Partial Outage of DRACOON Cloud

Incident Report for DRACOON Cloud

Postmortem

We experienced an issue with DRACOON Cloud on 2025-03-31 from around 07:30 to 08:15. Our team has worked diligently to identify the root cause and implement a resolution. In this post-mortem, we want to share the details of what happened, why it happened, what we did to resolve it, and what we will do to prevent similar incidents in the future.

What happened?
DRACOON Cloud experienced performance degradation during early usage hours, affecting user access and normal operation.

Why did this happen?
Application containers hit memory limits during high traffic periods, causing automatic restarts and service interruptions as the container orchestration system cycled through unhealthy instances.
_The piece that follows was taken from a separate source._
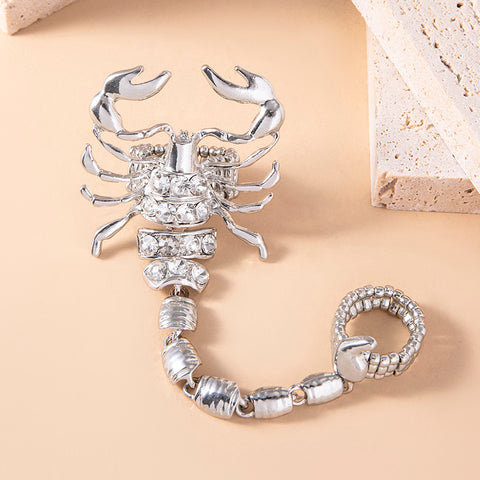 Grande Bague Scorpion Or Argent Cristal Scorpion Queue Élastique Bagues Double Doigt Pour Femmes Hommes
The memory limits were set too conservatively and hadn't been updated to account for certain traffic spikes.

What did we do?
Our engineering team quickly identified the container restart pattern through application logs and monitoring dashboards. We immediately increased the memory limits for affected services and scaled up the number of container replicas to distribute the load.

What can we do to improve?
We will improve our monitoring, update memory limits based on actual usage patterns, and create automated scaling policies that proactively increase resources before hitting limits.

We apologize for any inconvenience this incident may have caused. We are committed to ensuring the stability and reliability of our services and will continue to take proactive measures to prevent similar incidents from happening in the future.

If you have any questions or concerns, please don't hesitate to reach out to our support team for assistance.

Posted Sep 09, 2025 - 17:18 CEST

Resolved

The issue with DRACOON Cloud has been fully resolved. All systems are now operating normally. We apologize for any inconvenience this may have caused and appreciate your patience. If you continue to experience any issues, please don't hesitate to reach out to our support team for assistance.
Posted Mar 31, 2025 - 10:56 CEST

Monitoring

The issue with DRACOON Cloud has been resolved, and we are monitoring the situation to ensure it remains stable. We apologize for any inconvenience this may have caused and appreciate your patience.
Posted Mar 31, 2025 - 08:11 CEST

Investigating

We are currently investigating an issue with DRACOON Cloud. Our team is working to gather more information and resolve the issue as quickly as possible. We apologize for any inconvenience this may cause and will provide updates as soon as we have them.
Posted Mar 31, 2025 - 07:30 CEST
This incident affected: API (API (group 01), API (group 02), API (group 03), API (group 04), API (group 05), API (group 06), API (group 07), API (group 08), API (group 09)).